“This was a nail-biter all the way to the end. But we’re excited about all the people that will benefit from this. We’re still hopeful that the governor will sign them,” said Chase Bearden, deputy executive director of the Coalition of Texans with Disabilities, a nonprofit that has been advocating for these voting access policies since 2017. “This is a substantial change. Our next steps are now educating the election workers and election judges, counties, also letting all of the people know who are eligible and then explaining how it all works.”
The bills stand in stark contrast to other legislation Republican lawmakers have pushed since the 2020 election that have made it more difficult for Texans to vote.
Under current law, people who vote by mail do so by marking their choices on a paper ballot. But some voters, such as those who are blind or paralyzed, require help from others to mark their mail ballots and read their answers back to them.
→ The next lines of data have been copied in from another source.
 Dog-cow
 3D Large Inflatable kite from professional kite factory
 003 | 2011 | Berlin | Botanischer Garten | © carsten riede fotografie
House Bill 3159, authored by state Rep. Jeff Leach, a Republican, and co-authored by Rep. John Bucy, a Democrat, would allow voters who need assistance casting ballots by mail to do so “privately and securely” by using an electronic system to make their choices. Bucy has filed similar proposals three times since taking office in 2019, all without success.
Senate Bill 477 improves in-person voting for those with disabilities or mobility problems. Written by state Sen. Judith Zaffirini, a Democrat, the bill will allow voters to skip the line at their polling location. The law now requires election workers to grant that type of access only when requested, and the change would allow these individuals to move to the front without permission.
Each polling location will also be required to designate a parking space to be used for curbside voting, in addition to the already required wheelchair-accessible parking space. Signage directing voters to these options would have to be placed at the entrance of the polling place, as well as public notices bearing information about the accommodations. The bill received support from the Republican-led Senate. Only two conservative senators voted against it: Bryan Hughes and Drew Springer, both known for supporting more restrictive voting measures.
The story goes into some detail about the provisions of each bill and how they got to this point in the process, so go read the rest. They’re small-bore – which, let’s be honest, is probably why they had a chance, that and the fact that they were entirely under the radar to anyone not in those communities – and they can’t come close to making up for the disaster of the last two sessions. But they’re still a step in the right direction, and we should celebrate them. Well done to all involved.
UPDATE: And Greg Abbott vetoed the bill by Rep. Leach as part of his effort to target voucher opponents ahead of the next special session. It probably won’t work, because Greg Abbott is a bad governor and a weak leader.